Elle a déclaré : « Je tiens à remercier le journaliste Jou Frashk pour avoir animé cet entretien, ainsi que l’équipe du ministère du Tourisme et la présidence du Conseil des ministres, et tous ceux qui ont contribué à organiser cette rencontre en un temps record. Mon plus grand remerciement va à Madame l’Administratrice générale Sheikha Al-Nuaimi pour sa présence au Liban, et pour cet échange riche en idées et expériences, qui ouvre devant nous de nouvelles perspectives de coopération. Pour nous au ministère du Tourisme, il était également important d’entendre de l’administratrice générale un renforcement de plusieurs choix que nous avons déjà mis en œuvre : le développement de la gestion des destinations, le renforcement des capacités, la durabilité, les données, et la transformation numérique, ainsi que la liaison plus étroite du tourisme avec le développement économique.
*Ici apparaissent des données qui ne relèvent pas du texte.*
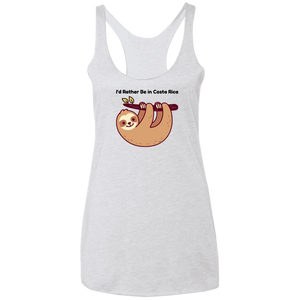 I'd Rather Be in Costa Rica Sloth Ladies Racerback Tank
Je suis heureuse que cette rencontre se termine par un résultat concret immédiat. Dans quelques instants, nous signerons avec l’ONU pour le tourisme un mémorandum de compréhension, fruit des efforts conjoints des deux équipes, notamment de l’équipe du ministère du Tourisme et de l’impulsion personnelle de la Directrice générale, Madame Jamaleh Kebrit. Ce mémorandum vise à renforcer les capacités des organisations de gestion des destinations touristiques au Liban (Destination Management Organisation), et à les soutenir afin qu’elles soient mieux capables de planifier, gérer leurs ressources et développer leurs produits touristiques ».
Elle a conclu : « J’espère que ce projet sera la première étape d’une série de projets conjoints entre le ministère et UN Tourism, et que la visite de Madame l’Administratrice générale se transformera en une collaboration à long terme, portant des résultats tangibles pour le secteur et pour le Liban ».